Le capping est un réglage qui permet de déterminer le nombre de diffusions d’un même message auprès d’un même auditeur (en l’occurrence de la même adresse IP) dans une période de temps définie. Le capping est un outil précieux de la publicité digitale qu’il s’agisse de l’audio, de la vidéo ou du display qui échappe aux médias traditionnel. C’est un réglage utile pour les médiaplanneurs qui peuvent agir sur le taux de répétition d’un message sur le même individu ciblé afin d’obtenir soit une exposition intense (pour une promo à court terme ou dans le cas d’une campagne mono media par exemple), soit au contraire peu de répétition (parce qu’une écoute du message est suffisante ou parce que la campagne est également déployée sur d’autres médias qui visent la même cible….).

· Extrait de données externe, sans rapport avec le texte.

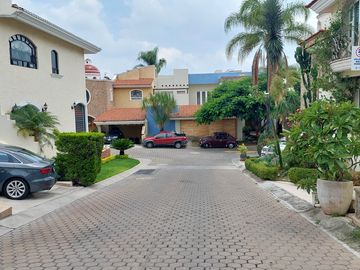 Se Vende Casa en Virreyes Residencial de cuatro habitaciones  dentro de Coto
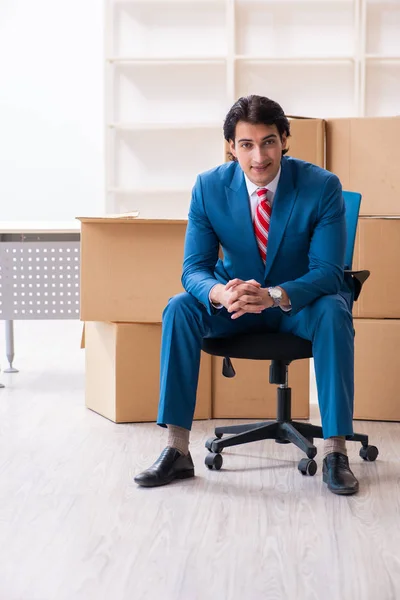 Fiatal jóképű üzletember költözik az új munkahelyére — Stock Fotó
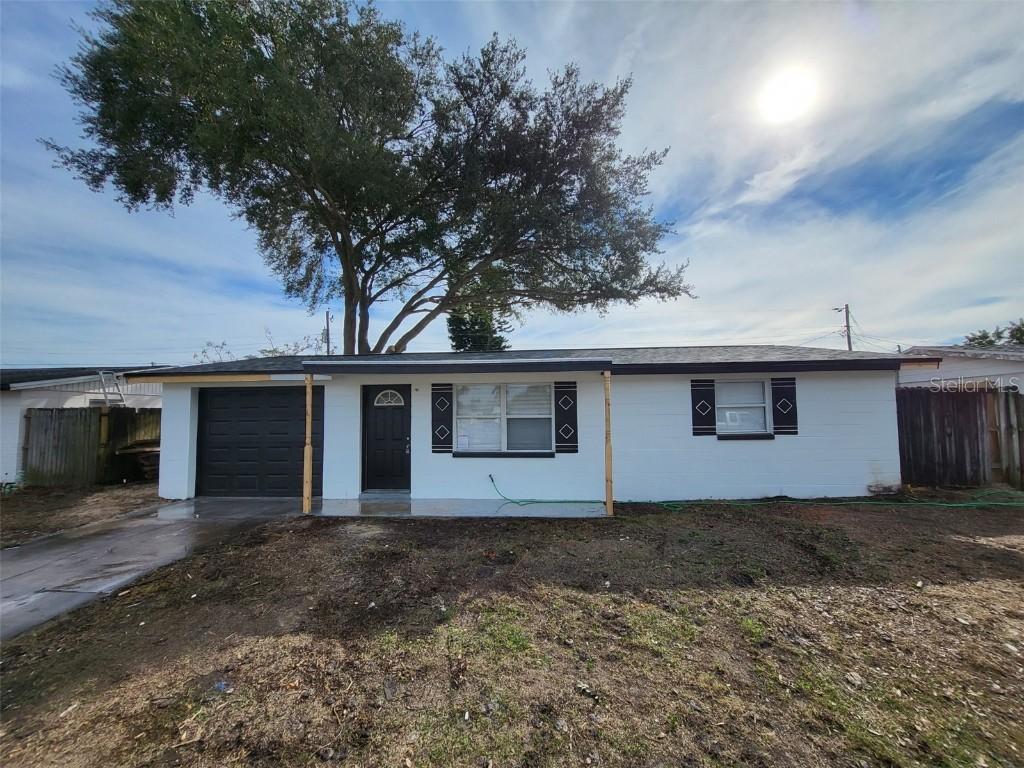 4802 Zodiac Ave., Holiday, FL 34690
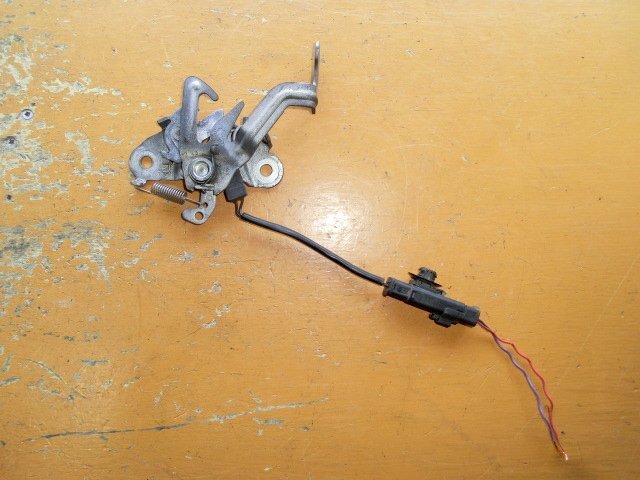 プジョーRCZ ボンネット ロック 平成23年 ABA-T7R5F02 YM7375080 16.5万kmカーボンルーフパック 即決あり拍卖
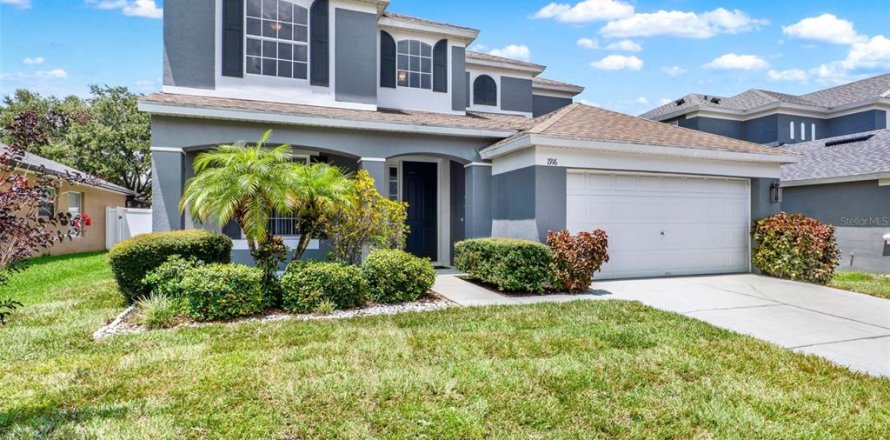House in Casselberry, Florida 4 bedrooms, 232.35 sq.m. № 1847431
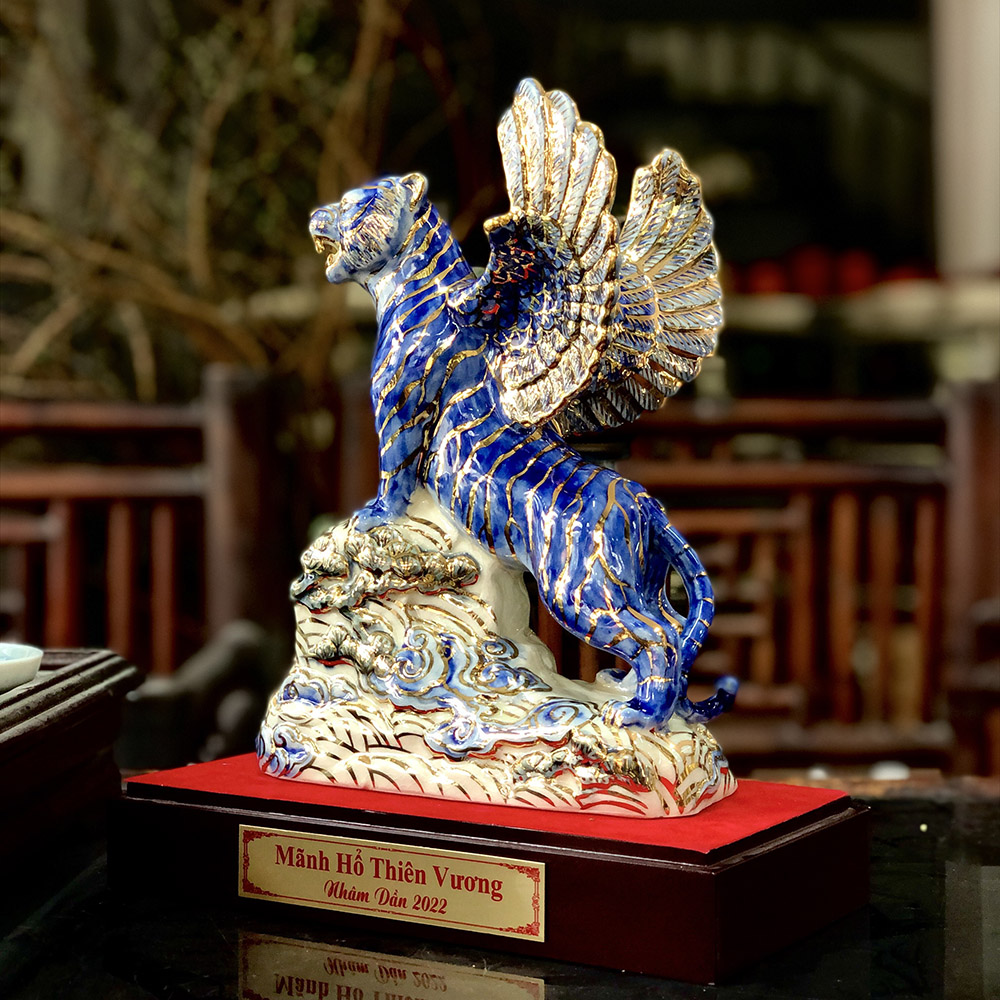 Tượng sứ phong thủy Mãnh Hổ Thiên Vương - Bích Hổ vẽ vàng có cánh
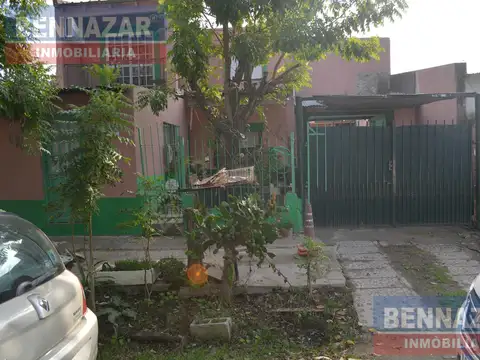Venta de Casa + 3 departamentos - San Pedro
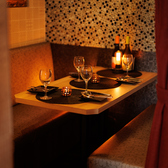 落ち着いた照明とナチュラルな空間で、ゆっくりと過ごせるデートにもおすすめ。肉料理とワインで大人時間を。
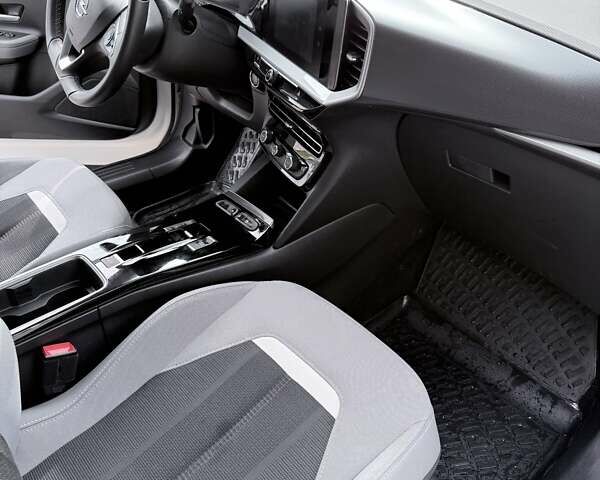 Білий Опель Mokka-e, об'ємом двигуна 0 л та пробігом 62 тис. км за 16400 $, фото 9 на Automoto.ua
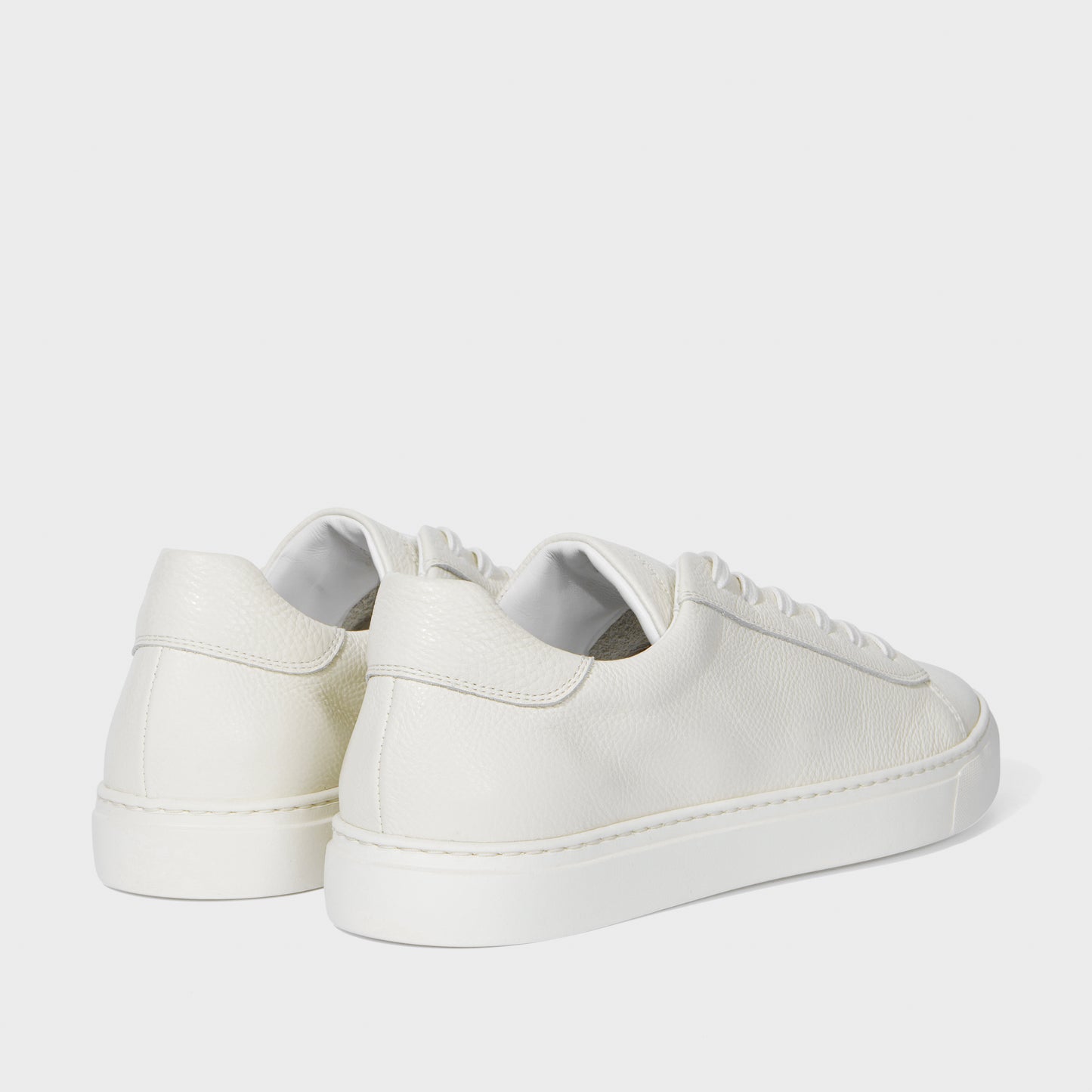 Travis Soft Milled Calf White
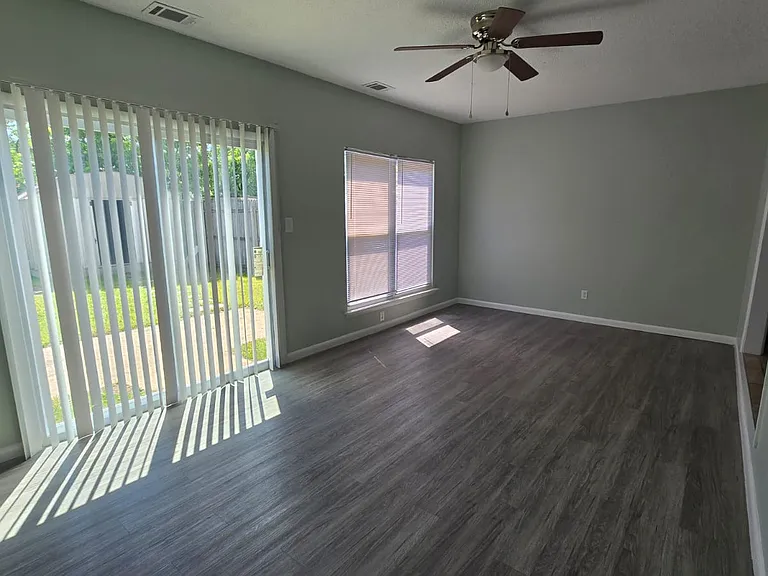 696 Governors Way — Photo 3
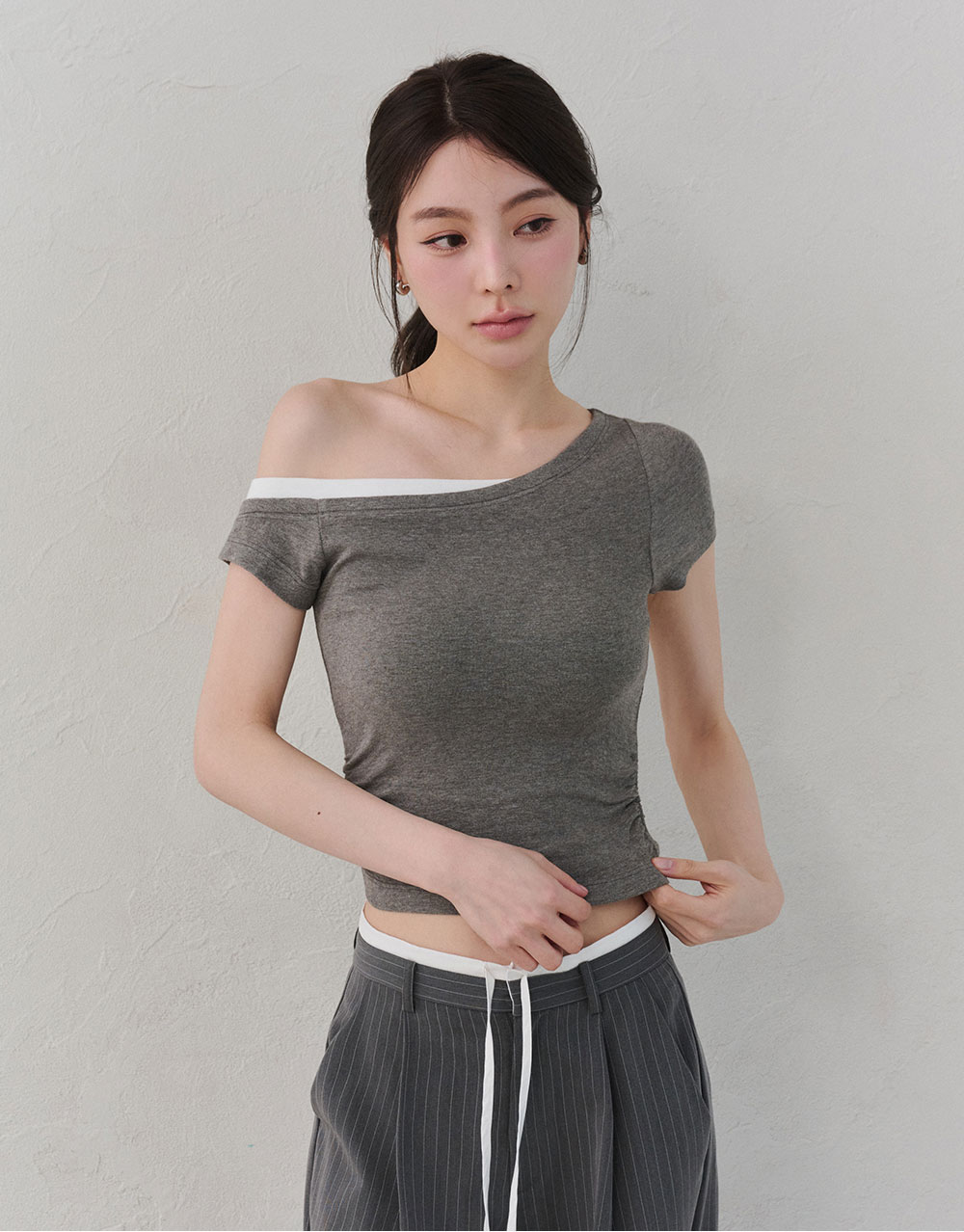 撞色斜領短袖上衣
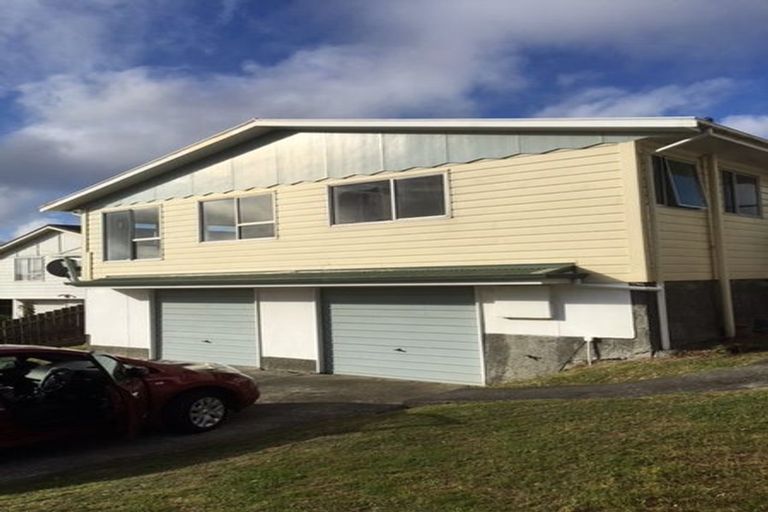 Photo of property in 24a Fitzpatrick Street, Newlands, Wellington, 6037
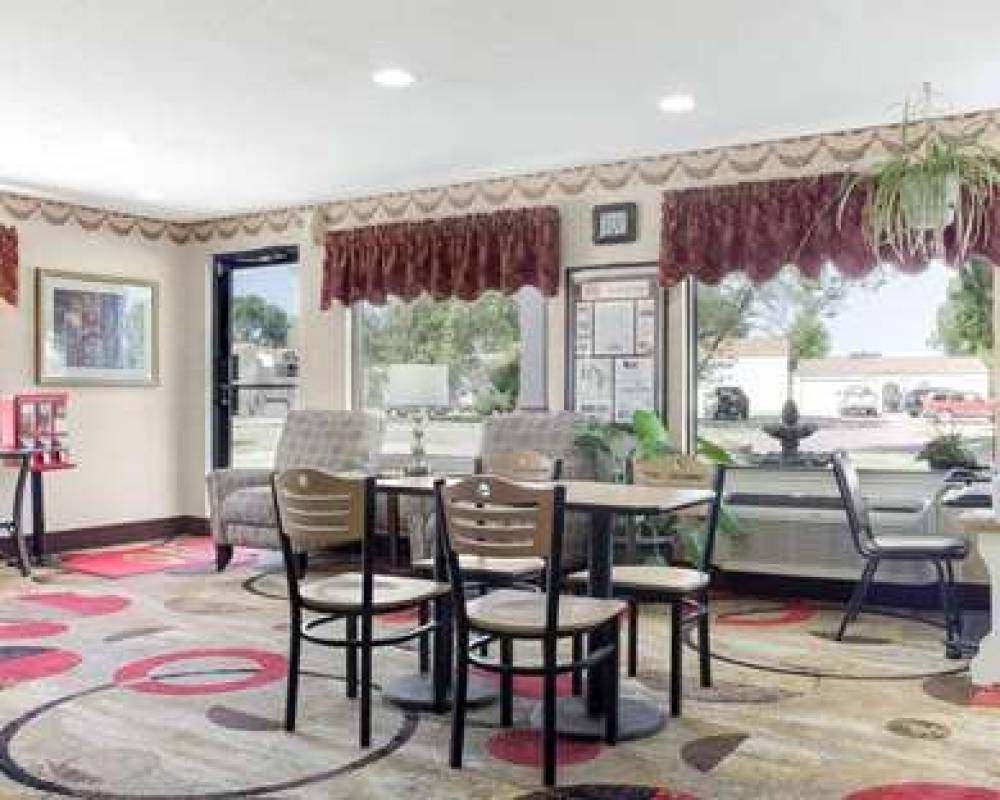 Econo Lodge 4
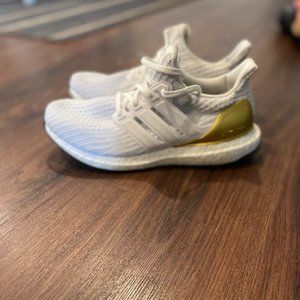 ✨ADIDAS WOMEN'S ULTRABOOST PRIMEBLUE SIZE 7.5✨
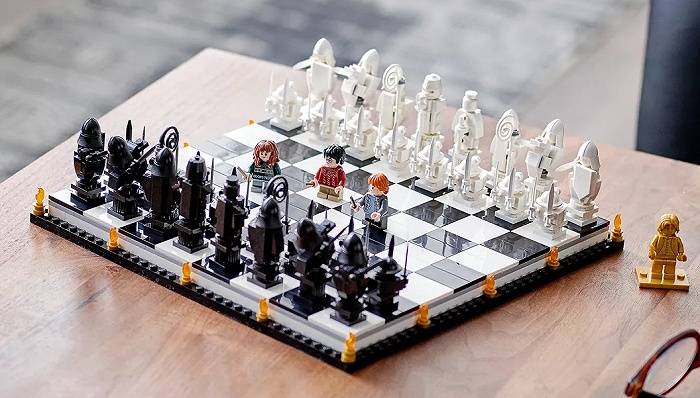 哈利波特迷集结号!乐高推出20周年纪念版巫师棋,包含一款斯内普教授小金人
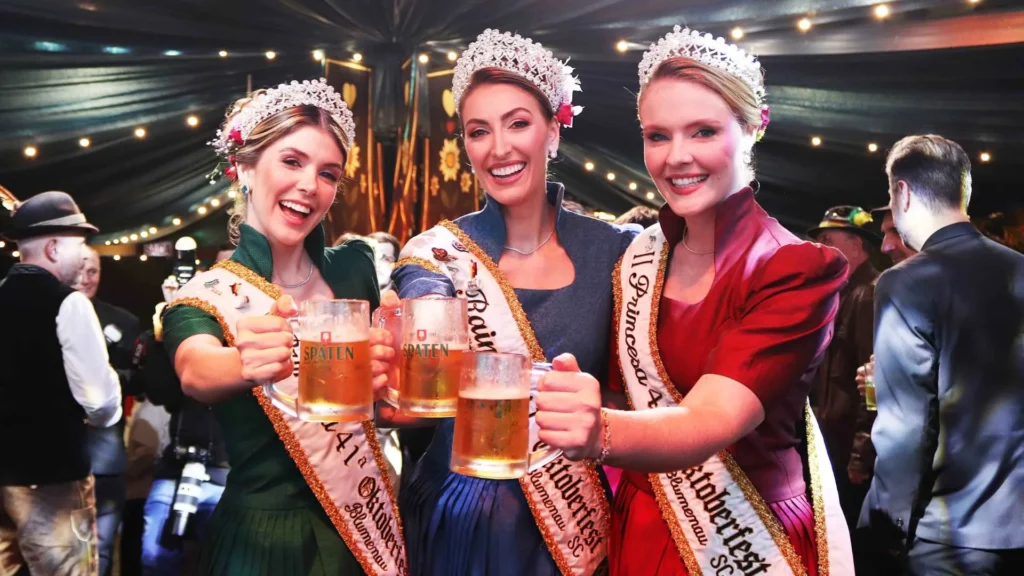 Oktoberfest Blumenau 2026 começa nesta quarta-feira (7) com diversas atrações, chopp e cultura alemã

En résumé, un capping (plafonnement en anglais) réglé sur 1 (par jour) = le message ne sera entendu qu’une seule fois dans la journée par l’auditeur. Un capping réglé sur 6 = la possibilité d’entendre 6 fois le même message dans la même journée.

La durée du réglage du capping est aussi un élément à modérer. Car si un même auditeur entend le même message, ne serait-ce qu’un fois par jour, à chaque lancement de sa radio préféré durant plusieurs jours, l’effet de saturation arrivera très vite, surtout compte tenu du fait qu’il n’y a qu’un message et que l’environnement privilégié le rend particulièrement percutant et facile à mémoriser.

En théorie, cette limitation vise à éviter la sur-sollicitation de l’utilisateur et à améliorer l’expérience de l’auditeur. Mais dans la réalité, les vendeurs « chargent » la campagne, car avec un capping de 1 il sera difficile de déployer le nombre d’impressions vendues à l’annonceur dans la durée de la campagne, surtout si les critères de ciblage réduisent le nombre d’écoutes. C’est pour cela que le capping est souvent réglé sur 6 ou 8 voir même pas limité du tout, ce qui au final agace les auditeurs qui entendent le même spot à chaque lancement de la radio ou à chaque ouverture d’un flux du même groupe de radio ou de podcasts…

En médiaplanning, il est d’usage de chercher à atteindre :

  • un taux de répétition de 8, sur un même individu, pour un lancement, une nouveauté ou une campagne mono media.
  • un taux de 4 ou 5 contacts, sur un même individu, lorsque l’enseigne est connue, qu’elle communique régulièrement ou que la campagne est aussi déployée sur d’autres médias et supports qui vont atteindre les mêmes individus et donc cumuler les points contacts au final.

 

 

 

Durant une même campagne, la diffusion de messages créatifs différents, respectueux de l’auditeur, ciblés de manière pertinente, tenant compte du contexte d’écoute (de l’heure, de l’appareil utillisé…) peut permettre d’éviter le rejet malgré une répétition, une fréquence élevée, voire même de constituer un effet whaou ou simplement une bonne acceptation par l’auditeur.

En résumé, la poule aux œufs d’or pourrait produire un rendement juteux  et durable, pour autant que les différents acteurs utilisent à bon escient les avantages et la créativité de l’audio, combinés aux atouts du digital, en respect de la qualité de l’expérience utilisateur.